* _Extracted records_:
_ _ _
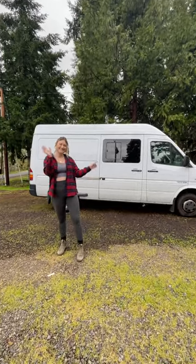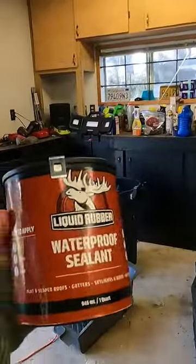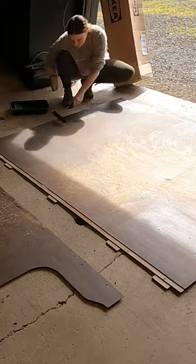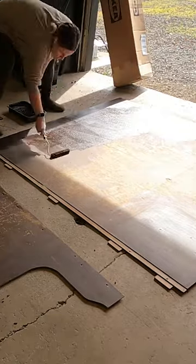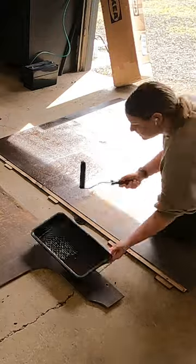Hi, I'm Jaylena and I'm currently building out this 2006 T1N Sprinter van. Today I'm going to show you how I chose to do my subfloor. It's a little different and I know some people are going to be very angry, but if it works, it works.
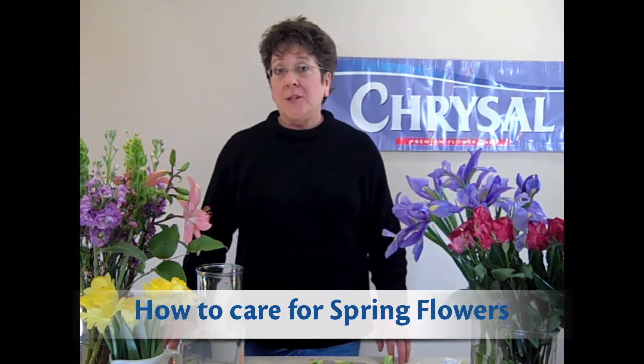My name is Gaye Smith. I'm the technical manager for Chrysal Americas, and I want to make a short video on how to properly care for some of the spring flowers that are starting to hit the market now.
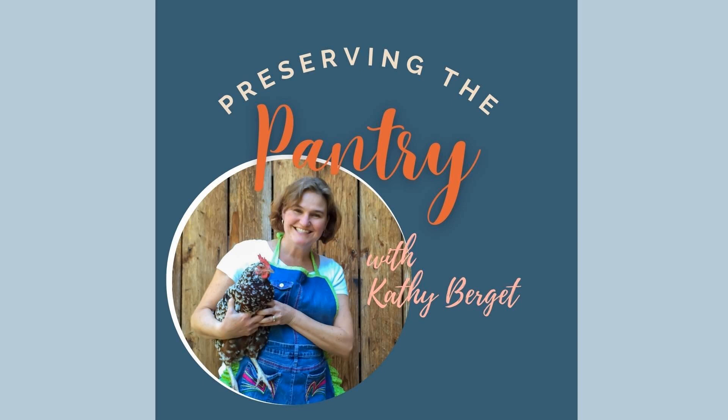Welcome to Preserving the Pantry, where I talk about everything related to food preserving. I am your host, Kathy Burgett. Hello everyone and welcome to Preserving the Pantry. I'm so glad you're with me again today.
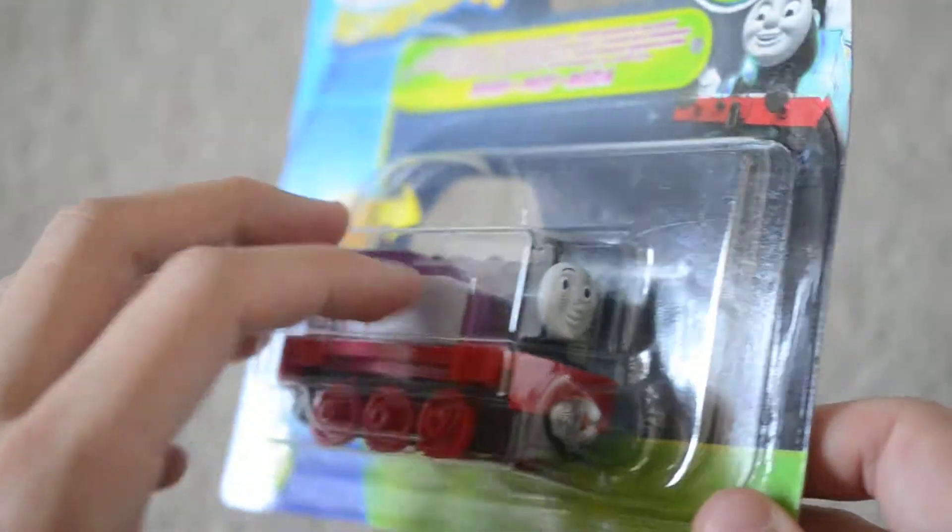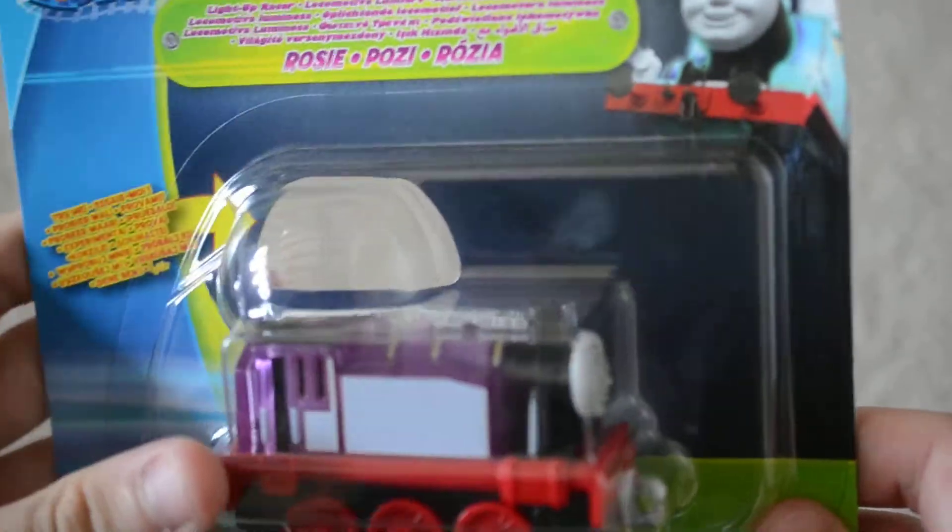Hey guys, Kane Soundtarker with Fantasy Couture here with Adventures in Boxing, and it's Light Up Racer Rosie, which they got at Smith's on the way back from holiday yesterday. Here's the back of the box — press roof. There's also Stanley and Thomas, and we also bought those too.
_ _ _
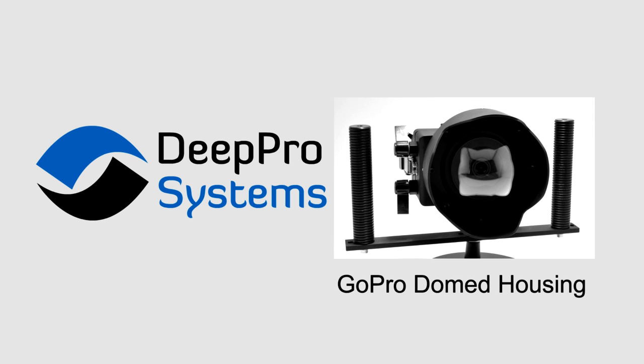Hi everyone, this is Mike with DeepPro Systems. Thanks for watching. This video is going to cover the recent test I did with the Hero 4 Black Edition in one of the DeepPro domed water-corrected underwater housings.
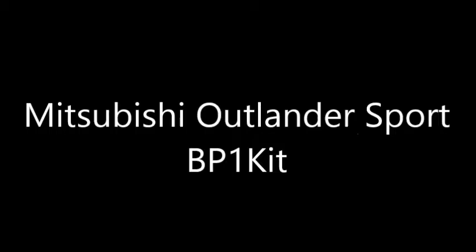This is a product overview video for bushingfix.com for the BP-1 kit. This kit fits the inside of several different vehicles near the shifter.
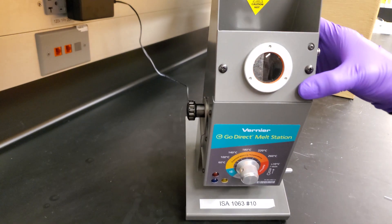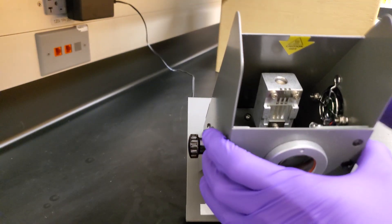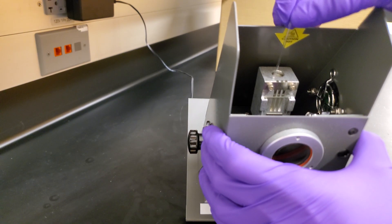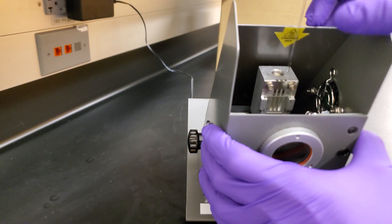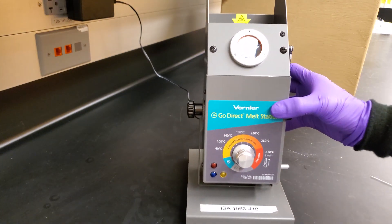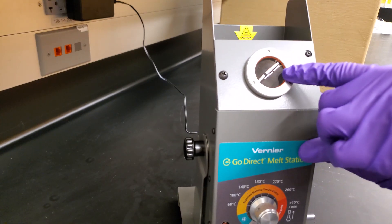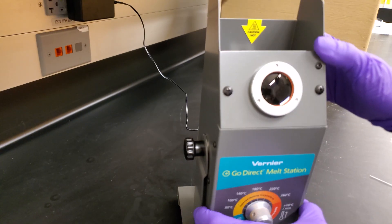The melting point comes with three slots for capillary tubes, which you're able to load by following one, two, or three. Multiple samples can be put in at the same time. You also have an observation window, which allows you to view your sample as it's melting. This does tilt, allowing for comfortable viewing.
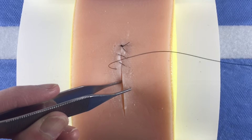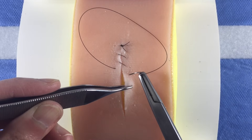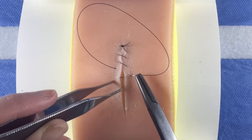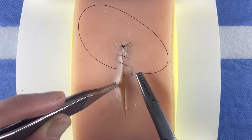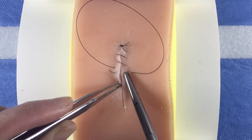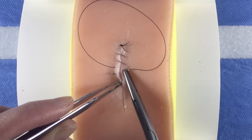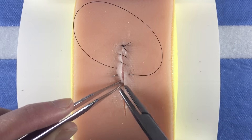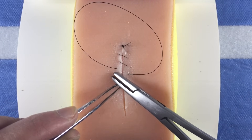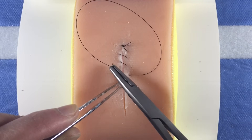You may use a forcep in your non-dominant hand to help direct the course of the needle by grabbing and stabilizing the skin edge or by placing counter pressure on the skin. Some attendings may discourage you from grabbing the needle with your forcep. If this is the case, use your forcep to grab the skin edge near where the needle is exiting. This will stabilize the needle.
_ _ _
* _Directions_:
Above are the records; copy exactly the lines from the one with "My name is Gaye" through the one with "Hey guys, Kane", including both, and nothing more. Leave out pictures.

* _Finished task_:
My name is Gaye Smith. I'm the technical manager for Chrysal Americas, and I want to make a short video on how to properly care for some of the spring flowers that are starting to hit the market now.
Welcome to Preserving the Pantry, where I talk about everything related to food preserving. I am your host, Kathy Burgett. Hello everyone and welcome to Preserving the Pantry. I'm so glad you're with me again today.
Hey guys, Kane Soundtarker with Fantasy Couture here with Adventures in Boxing, and it's Light Up Racer Rosie, which they got at Smith's on the way back from holiday yesterday. Here's the back of the box — press roof. There's also Stanley and Thomas, and we also bought those too.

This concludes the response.